At first I tried to determine what species it was because I could not see any parents near by. Then I became concerned about its vulnerability. I’m sure it had caught the attention of a goshawk, or even a raven or currawong, who would wait to see of it eventually struggled closer to the bank, where it could be speared and eaten.
I was pleased, however, to discover that my concerns had been misplaced. Within seconds a female coot had popped up from an underwater sortie, with a beak full of fresh and juicy water plants to give her off-spring a feed.
Coots are not usually a species to attract my attention – especially as I hail originally from Britain and the same species is also found there – but this year I have been looking closely at them once again simply because they are new to the Waterworks Reserve.
I wrote earlier this year of Eurasian coots invading the Browns River at Kingston Beachfor the first time and by coincidence I saw coots on the two reservoirs in the Waterworks Reserve within days.
It was early winter and I thought the coots – a party of about six of them – must just be sheltering there between movements from one reedy lake to another at the end of the breeding season. I was surprised, though, to find the coots growing in number and hanging in for the spring, and even more surprised to find a female with a single chick because I had not seen any evidence of courtship displays, or mating and nest building.
Exactly where the nest that produced the chick was situated I could not determine, but there are reedy patches between the reservoirs at the Waterworks, so it could be hidden there.
Coots lay up to 15 eggs in a clutch but they rarely produce this number of offspring. Predators take their toll and the sight of a single chick proved that the birds of prey of the Waterworks had had rich pickings of not just coots but other species this year. The goshawks, ravens and currawongs had already taken a toll on masked lapwing chicks, and black duck ducklings as they usually do at the reserve.
The Eurasian coot, with its sooty-black plumage and gleaming white bill and frontal shield covering its forehead, is a familiar bird across Europe and Asia as well as Australia. It is often seen running across the water’s surface or swimming in huge flocks on large wetlands, but they equally often occur on small ponds. They require submerged aquatic vegetation or mats of floating waterweed, among which they forage, diving below the surface for up to 20 seconds to pluck the stems of emergent shoots.
The evidence of coot breeding might have been good news for me in my ramblings, and nature-note taking at the Waterworks, but a family who originally wrote to be me about coots arriving at the Browns River have not been so lucky.

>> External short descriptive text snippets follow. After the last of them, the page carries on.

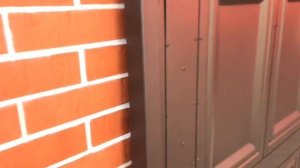 Откатные Ворота из металлической филенки. Металличес?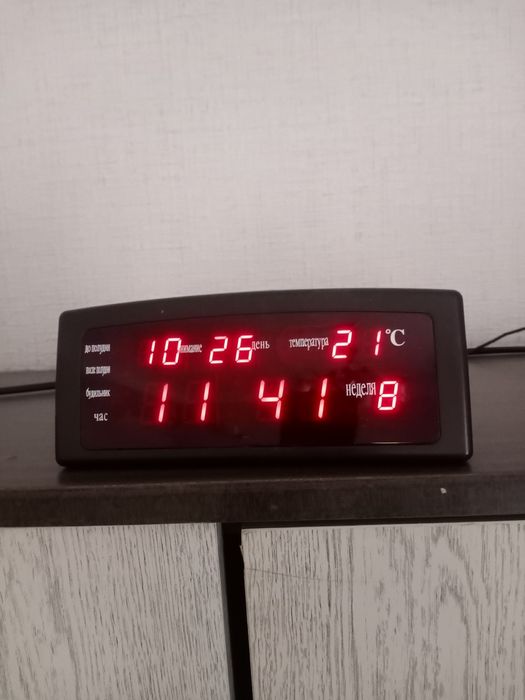 Часы электронные и настенные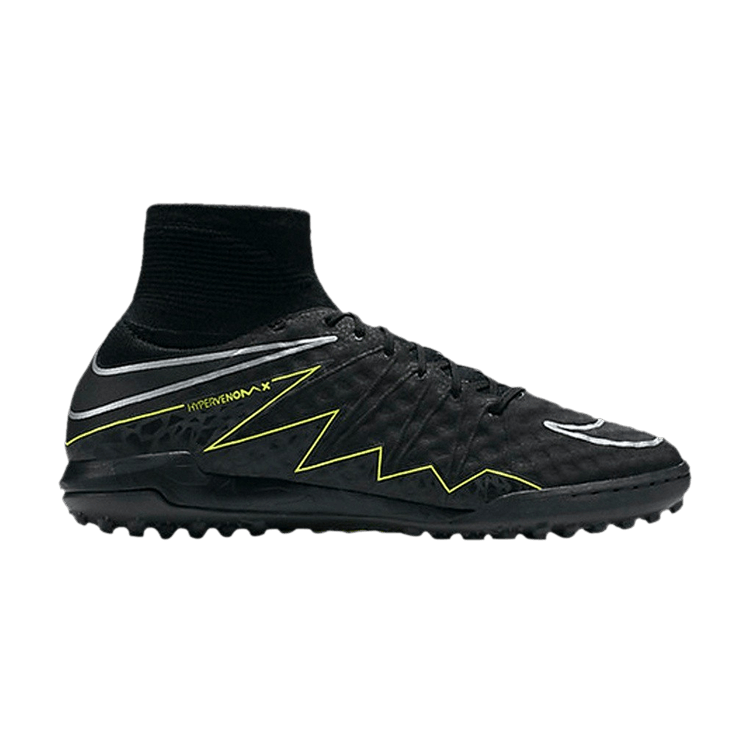 

Кроссовки HypervenomX Proximo TF PS 'Black Volt, черный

A month ago they informed me that the coots there were breeding, writing in an email: “It’s all happening here at Kingston Beach and we are thrilled that ‘our’ coots are nesting. They are very clever little birds as they have chosen a branch of an old pine tree that is still attached to the tree but is resting in the water. As a result it floats up and down on the tide keeping the nest dry. We have been watching the pair busily building the nest and now they are taking turns to sit on it. Fascinating.”
A week later, however, there was bad news. Heavy rain from a storm had swollen the river and the nest so cleverly placed had been washed away.